* Task to carry out:
Restate word for word the lines below, from the one containing "王维生态画卷5：鸟鸣涧_陕西省林业科学院" through the final line, with no pictures included.

* Dataset section:
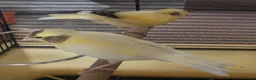 Canaries birds for sale: Beautiful Canaries 7 weeks £30 each or x4 for £110 - Advert 5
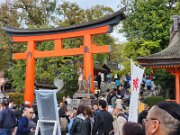 15-TJ-20250415_114136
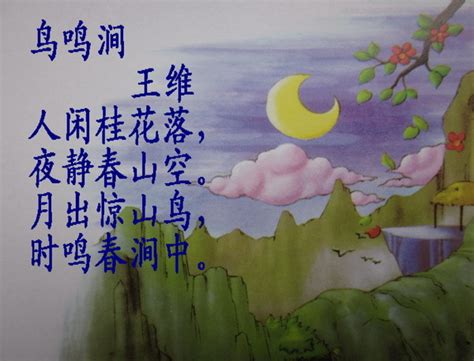 王维生态画卷5：鸟鸣涧_陕西省林业科学院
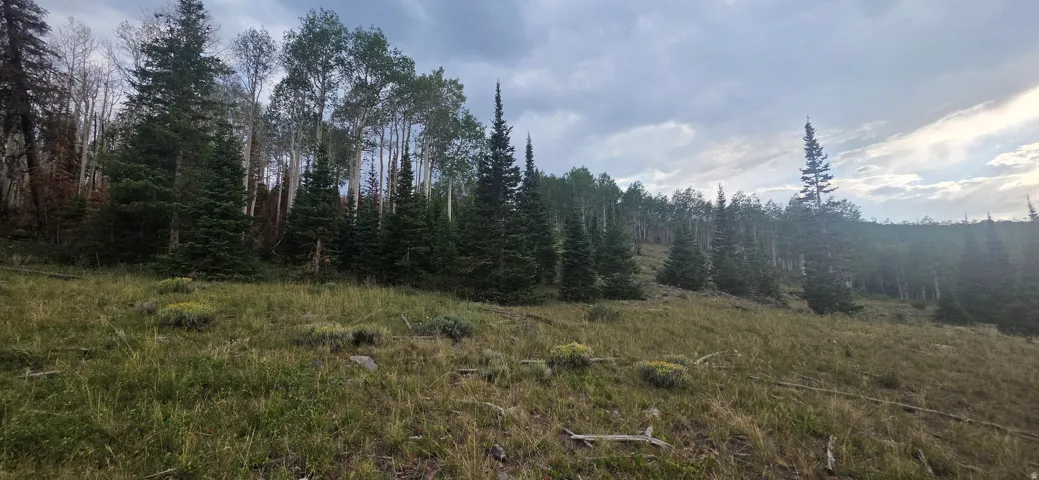Expansive, gently sloping terrain featuring natural grasses and scattered low-lying vegetation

* Result:
 王维生态画卷5：鸟鸣涧_陕西省林业科学院
Expansive, gently sloping terrain featuring natural grasses and scattered low-lying vegetation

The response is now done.